「健全な祈りの態度」より
まことの目撃―ルカによる福音書―
小林和夫氏(日本ホーリネス教団東京聖書学院教会牧師、東京聖書学院名誉院長)
***
私たちはつい「祈ってみてもどうにもならないのではないか」と望みを失って、祈りの線から一歩下がってしまうのですけれども、イエス様は失望せずに祈るべきだと、このたとえ話をお語りになりました。

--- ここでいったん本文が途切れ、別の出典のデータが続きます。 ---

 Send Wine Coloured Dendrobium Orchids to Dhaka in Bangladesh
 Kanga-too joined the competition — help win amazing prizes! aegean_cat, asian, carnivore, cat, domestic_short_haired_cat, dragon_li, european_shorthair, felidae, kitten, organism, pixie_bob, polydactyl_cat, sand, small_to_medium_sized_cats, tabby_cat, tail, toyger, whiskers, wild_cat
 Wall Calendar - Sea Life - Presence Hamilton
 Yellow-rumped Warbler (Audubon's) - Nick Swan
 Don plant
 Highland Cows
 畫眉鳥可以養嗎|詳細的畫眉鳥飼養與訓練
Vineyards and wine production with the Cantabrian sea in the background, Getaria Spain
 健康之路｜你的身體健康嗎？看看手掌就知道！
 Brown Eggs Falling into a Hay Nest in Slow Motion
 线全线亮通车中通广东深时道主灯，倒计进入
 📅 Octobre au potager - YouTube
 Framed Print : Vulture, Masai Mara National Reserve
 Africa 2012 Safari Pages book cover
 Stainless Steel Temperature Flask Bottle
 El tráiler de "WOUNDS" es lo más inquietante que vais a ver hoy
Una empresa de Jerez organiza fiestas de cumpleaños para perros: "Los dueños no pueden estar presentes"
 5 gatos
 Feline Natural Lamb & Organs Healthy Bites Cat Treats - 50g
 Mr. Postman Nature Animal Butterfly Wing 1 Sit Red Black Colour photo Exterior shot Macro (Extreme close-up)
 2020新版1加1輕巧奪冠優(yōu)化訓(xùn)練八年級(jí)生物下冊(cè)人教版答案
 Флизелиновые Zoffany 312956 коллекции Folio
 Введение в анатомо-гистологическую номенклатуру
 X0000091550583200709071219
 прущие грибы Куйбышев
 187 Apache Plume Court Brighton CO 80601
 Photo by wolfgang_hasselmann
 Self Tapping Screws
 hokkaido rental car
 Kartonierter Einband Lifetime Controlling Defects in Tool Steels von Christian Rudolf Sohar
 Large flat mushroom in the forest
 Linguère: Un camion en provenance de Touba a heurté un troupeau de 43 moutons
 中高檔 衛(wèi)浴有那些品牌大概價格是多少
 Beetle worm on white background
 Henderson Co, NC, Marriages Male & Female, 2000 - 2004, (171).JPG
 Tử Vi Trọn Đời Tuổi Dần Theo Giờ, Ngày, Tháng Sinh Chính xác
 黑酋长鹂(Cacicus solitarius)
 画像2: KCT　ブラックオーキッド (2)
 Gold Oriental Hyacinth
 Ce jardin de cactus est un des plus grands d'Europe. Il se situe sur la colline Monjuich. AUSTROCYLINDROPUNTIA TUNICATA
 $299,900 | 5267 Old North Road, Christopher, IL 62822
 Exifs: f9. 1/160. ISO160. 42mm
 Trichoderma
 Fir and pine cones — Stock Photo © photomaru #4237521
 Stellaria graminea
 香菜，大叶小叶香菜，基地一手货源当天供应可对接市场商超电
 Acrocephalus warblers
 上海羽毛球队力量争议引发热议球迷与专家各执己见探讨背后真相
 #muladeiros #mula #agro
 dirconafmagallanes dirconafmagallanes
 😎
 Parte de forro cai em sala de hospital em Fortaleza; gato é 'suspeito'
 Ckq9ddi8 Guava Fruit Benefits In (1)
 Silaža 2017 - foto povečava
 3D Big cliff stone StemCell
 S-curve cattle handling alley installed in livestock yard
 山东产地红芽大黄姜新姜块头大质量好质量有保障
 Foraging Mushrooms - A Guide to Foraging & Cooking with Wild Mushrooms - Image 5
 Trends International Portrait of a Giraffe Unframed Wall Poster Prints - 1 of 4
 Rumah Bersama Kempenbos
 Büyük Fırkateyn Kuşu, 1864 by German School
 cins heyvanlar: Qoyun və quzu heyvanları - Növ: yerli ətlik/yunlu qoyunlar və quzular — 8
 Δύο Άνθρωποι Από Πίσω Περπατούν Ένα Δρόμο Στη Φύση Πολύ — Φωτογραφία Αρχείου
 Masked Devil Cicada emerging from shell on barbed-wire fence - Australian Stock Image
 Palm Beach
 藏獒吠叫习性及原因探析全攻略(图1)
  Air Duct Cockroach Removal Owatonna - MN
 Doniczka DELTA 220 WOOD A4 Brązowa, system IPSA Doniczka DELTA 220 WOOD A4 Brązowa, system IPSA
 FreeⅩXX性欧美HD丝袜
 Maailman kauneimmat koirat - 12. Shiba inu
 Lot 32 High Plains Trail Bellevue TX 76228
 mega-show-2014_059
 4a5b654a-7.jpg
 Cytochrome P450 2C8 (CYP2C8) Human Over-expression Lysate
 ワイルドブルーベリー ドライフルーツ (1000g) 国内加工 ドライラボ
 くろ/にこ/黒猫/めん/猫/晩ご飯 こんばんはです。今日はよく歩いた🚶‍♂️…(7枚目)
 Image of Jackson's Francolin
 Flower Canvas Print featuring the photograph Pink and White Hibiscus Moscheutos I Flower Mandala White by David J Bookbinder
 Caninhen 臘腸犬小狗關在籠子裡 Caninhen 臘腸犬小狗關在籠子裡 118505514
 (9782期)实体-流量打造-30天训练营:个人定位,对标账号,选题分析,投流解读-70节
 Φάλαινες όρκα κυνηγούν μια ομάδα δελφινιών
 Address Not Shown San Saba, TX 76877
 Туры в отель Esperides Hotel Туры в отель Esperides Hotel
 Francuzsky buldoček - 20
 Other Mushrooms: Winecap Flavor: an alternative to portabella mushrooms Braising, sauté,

神を神とも思わない傲慢な裁判官のところに、ひとりのやもめがやって来ます。
「その同じ町にひとりのやもめがいて彼のもとにたびたびやってきて、『どうぞ、わたしを訴える者をさばいて、わたしを守ってください』と願いつづけた。」(ルカ18:3)
この「たびたび」というのは、何回も夜となく昼となくやって来たということです。そして
「このやもめがわたしに面倒をかけるから、彼女のためになる裁判をしてやろう。そうしたら、絶えずやってきてわたしを悩ますことがなくなるだろう。」(5)
この「面倒をかけるから」という言葉は「面倒をかけ続けるから」という言葉が使われています。イエス様は、こういう態度で祈るようにとおっしゃいました。私たちは「しつこく言わないほうがいいや」と思いますが、神様はしつこく祈られることを求めているのです。しかもここで裁判官が言っている「わたしを悩ます」という言葉は、生易しい言葉ではありません。これはボクシングに使われる言葉で「相手の顔を目の下が黒ずむまで打って倒してしまう」という意味です。
イエス様は「あなた方は本当の意味でわたしを困らせるような祈りをしたことがあるか」と弟子たちに問わんばかりに、このたとえ話をなさったのだろうと思います。